Peter Bishop did not go to college. He grew up on a farm and was a volunteer firefighter. He thought of himself as a very simple man, and this was probably why he was so easy with his only son. He just wanted Lance to be happy, which is what he told him when everything with Dylan had happened, that explosive year when they were fifteen and sixteen. When, a few years later, Lance had told his father that he and Dylan were together, his father had been overjoyed.
“He’s a good boy. He’s a solid man, and he’s always made you happy,” is what Peter said. It was his mother who was flabbergasted, but Peter just said, “Now, Ellen you leave him alone and stick to your own business.”
Having told some of the truth, he had to tell all of the truth, and so he’d told his father about Elias as well.
“Don’t tell your mother,” Peter said. “She won’t be ready for that.”
In Peter’s eyes Elias was “A solid young man with a good head on his shoulders,” and that was all that mattered.

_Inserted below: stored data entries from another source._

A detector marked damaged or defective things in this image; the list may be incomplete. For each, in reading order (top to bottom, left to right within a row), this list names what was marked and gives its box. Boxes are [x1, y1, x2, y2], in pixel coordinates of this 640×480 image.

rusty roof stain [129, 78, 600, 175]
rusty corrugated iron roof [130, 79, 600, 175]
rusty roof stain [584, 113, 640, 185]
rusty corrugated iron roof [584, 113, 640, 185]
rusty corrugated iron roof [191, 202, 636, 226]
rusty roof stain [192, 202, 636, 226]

The three boys “were better than brothers and made each other happy.” Still, Peter had long ago decided that Fenn Houghton, with his theatre company, city upbringing and education, was someone worth consulting. He wasn’t like those academics that made you feel low, and he wasn’t a lady. He was, “a real solid man.” Solidity mattered to Peter Bishop.

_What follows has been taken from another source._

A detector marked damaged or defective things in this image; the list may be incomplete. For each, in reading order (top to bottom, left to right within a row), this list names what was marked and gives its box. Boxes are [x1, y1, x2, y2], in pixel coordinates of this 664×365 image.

The farmer’s son was deferential and at Fenn and Todd’s house said, “I understood when it was just Dylan. I think Elias is a good guy, but I wasn’t ready for that.”
“Neither was I,” Fenn said. “I can’t run my son’s life though, and this time around I don’t think he’s making a mistake. He’s just doing something I never could.”

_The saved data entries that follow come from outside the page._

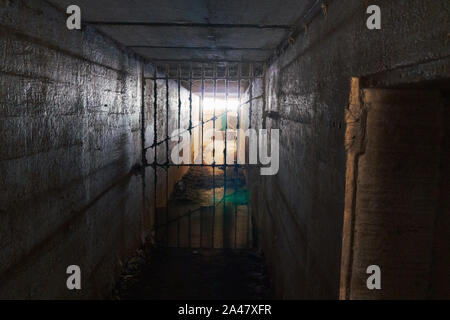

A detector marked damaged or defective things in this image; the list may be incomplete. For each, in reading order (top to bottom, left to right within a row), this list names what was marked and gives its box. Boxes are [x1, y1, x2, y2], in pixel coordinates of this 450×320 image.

rusty metal gate [143, 61, 264, 249]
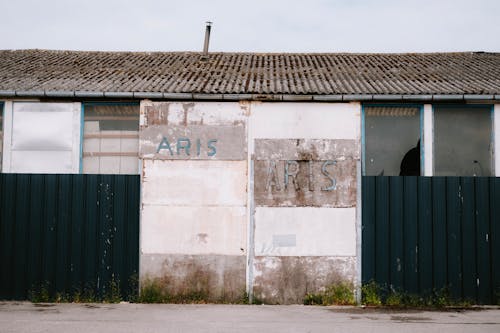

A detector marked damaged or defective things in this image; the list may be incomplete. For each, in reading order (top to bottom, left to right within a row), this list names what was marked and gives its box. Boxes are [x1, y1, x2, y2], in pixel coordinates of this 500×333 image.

broken window [82, 104, 140, 174]
rusty surface [256, 137, 358, 205]
broken window [364, 105, 422, 176]
broken window [434, 105, 492, 176]
rusty surface [141, 254, 246, 300]
rusty surface [254, 255, 356, 304]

When Fenn admitted that the boys’ living arrangement was just as strange to him, but that the happiness of his son was all that mattered, it was a relief to Peter Bishop. He didn’t know Elias’s fathers. He knew of them, that they were not pleased with Lance, but this could not be helped. He didn’t let it bother him. Lance Randolph Bishop was good, manly, handsome, sweet, honest, honorable, the light of his father’s eyes. He should have whatever he loved. If Peter could be right here, to see the look of love and happiness on his leggy, athletic, deep foreheaded twenty-three year old son, he would be most pleased.


The singing had stopped and now the living room was very quiet. It was filled with the smell of incense, and little lights burned pale in the morning light.
“Uh, Thackeray has something to say,” Dylan said. “Thack.”
Thackeray cleared his throat, looked around and took his hands through his dark hair.
“Well, Dylan and me lost our mom. I mean, we never knew her, but this is the start of a new year and, we’re together and that’s the one thing she did, and so we just wanted to… remember her for a moment.”
“There is a song,” Radha said. “I learned it when my grandfather died. It was what we sang for my great grandmother. Would you like me to try it?”
“Yes,” Thackeray said. But Dylan said nothing.
“Thank you, Mom,” Thackeray continued, “for giving me life, and giving me my brother, and doing the best you could. Thank you.”
Thackeray turned to Dylan. Dylan looked like he really didn’t want to do this, but he said as if forcing the words out, “Thank—you—Eileen.”
Thackeray nodded and then suddenly, Dylan said, “You fucking, crazy bitch! You irresponsible monster.”
He stood up.
“You fucked me up. Every fucked up thing I blame on you. You showed up for five seconds and then you left and never came back. You hid my brother from me. I am sick that I’m even related to you. I am sick that you gave birth to me. You—are—not—my mother. I don’t believe in hell, but I’ve been there, and I hope you go there too. I hope you are rotting there right now. I hate you. I hate you I—“
Dylan broke off, shouting, “Goddamnit I hate you!”
He turned on Thackeray.
“Why did you make me do this?” he shouted at his brother, and then turned around and left them all. His door slammed shut.
Elias and Lance were getting up, but Fenn put up a hand and shook his head.
Thackeray looked at him.
“Go to your brother,” Fenn told him.
Thackeray nodded and went down the hall. Fenn watched him and nodded. Thackeray made a small fist to tap on the door, but Fenn shook his head.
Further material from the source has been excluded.